I was wondering how to obtain just the scientific name from a blast search. I currently have 10,000 sequences that I would like to blast with nt database. I am only interested in the taxid, so I have would like to end up with a csv file that has the queryid followed by the taxid. I set up my BLASTDB and downloaded the taxdb and set it to the same path (as suggested in the thread Scientific Names In Blast Output And Databases.
When I use the following code I only get my queryid
blastn -db nt -max_target_seqs 1 -outfmt '6 qseqid staxids' -query blast.fasta -task blastn
Did I forget something? How do I get a taxid output?
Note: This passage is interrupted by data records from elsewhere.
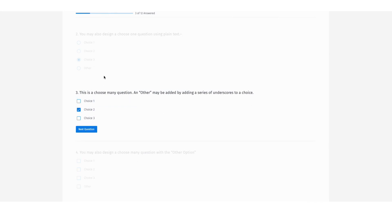This is a great way to reduce survey fatigue as your respondents know exactly how far along they've come in the survey. This feature is available for all survey and research licenses including our free essentials license.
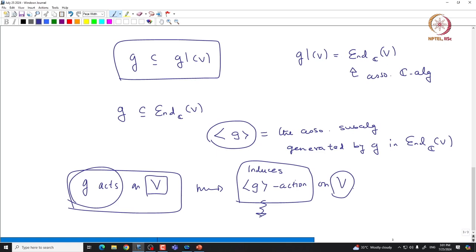One can use this dictionary to say something about representations. For example, if we have some information about how this associative algebra acts, then using that information one can get information about how the Lie algebra acts on V. The associative algebra generated by G is the smallest associative algebra containing G inside GL(V). Information about the Lie algebra can be translated to information about this associative algebra and vice versa. For instance, if V is irreducible as a representation of this associative algebra, then it must be irreducible as a G-module.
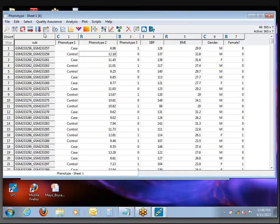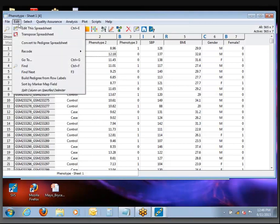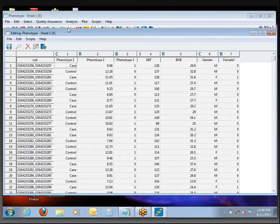If you ever need to make any changes to a data set, the way to do that is under the Edit menu. You see this item called Edit This Spreadsheet. There's also a keyboard shortcut, Ctrl-E, that takes you straight into the Editor mode. I tend to use the keyboard shortcuts a lot.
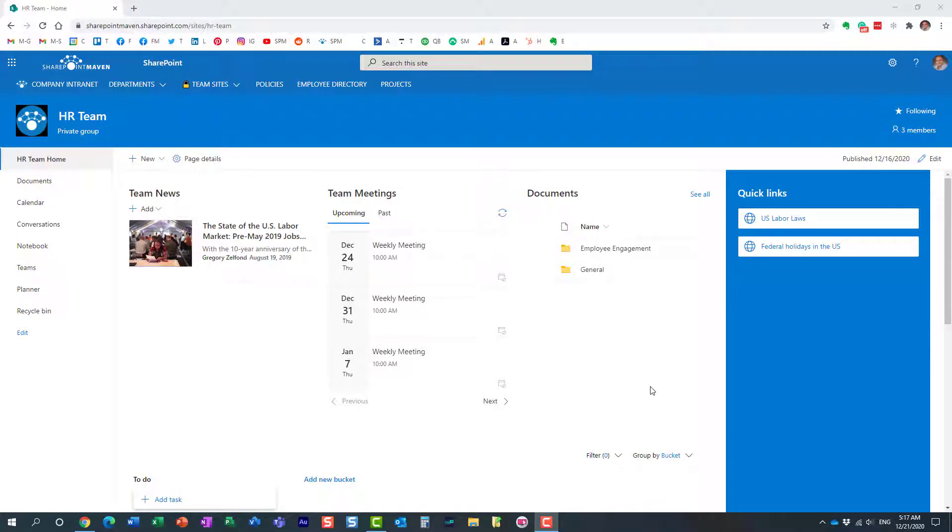Hello, this is Greg from SharePoint Maven, and in today's video I would like to show you how to create new lists from the Microsoft Lists app. Before I actually show you how to do that, I want to show you how we used to create lists in the past.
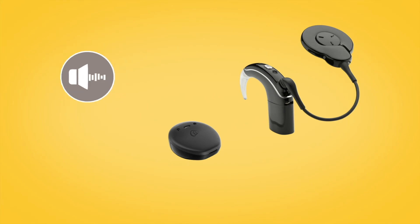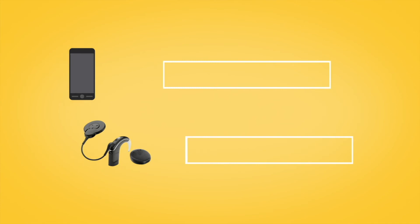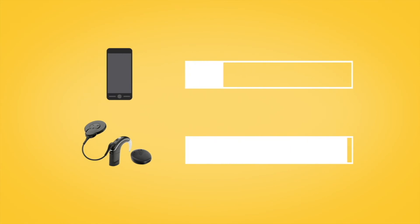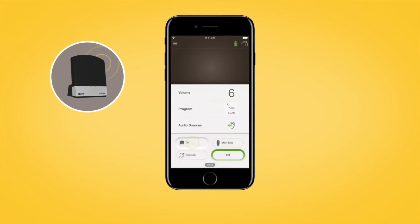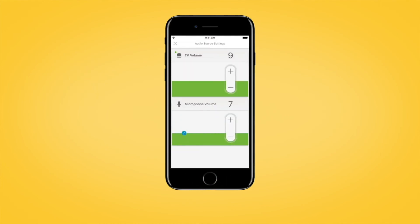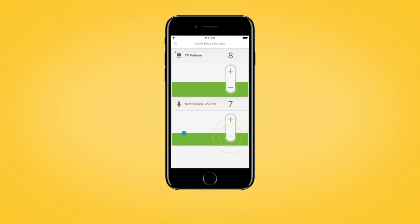The Nucleus Smart App also allows you to separately adjust the volume of streamed audio and sound from your sound processor microphones. To do this, first start streaming from an audio source, then tap more to open the audio source settings. You can then tap plus or minus to change the settings.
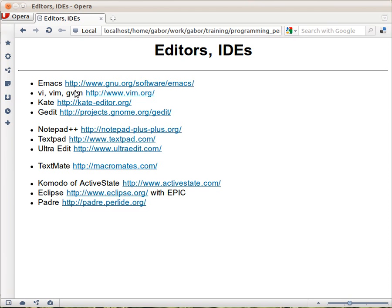If you are already used to either Vim or Emacs then go ahead and use the specific editor. It has all kinds of advanced features for Perl specifically.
This will sound silly, but are you just finding sequences from the species you're queries come from? I don't see the problem with the command you're running. Maybe the taxonomy IDs were not included when the database was built or the sequences you're finding don't have taxids?
Do you have a
.ncbirc
file in your home dir with:Yes I just want to know the species identity (or close identity) of each of my sequences. There must be something wrong with the PATH to my taxdb because other settings such as sacc, sseqid, evalue, bitsocre all work correctly.
What do you mean by 'taxdb'? I am pretty sure the taxonomy IDs are part of the blast database you're searching. You either have to provide the taxonomy IDs in the header or provide them in a mapping file. I don't think blast links to another database or something.
Did you download the nt blast database or did you download the nr fasta data and build the database?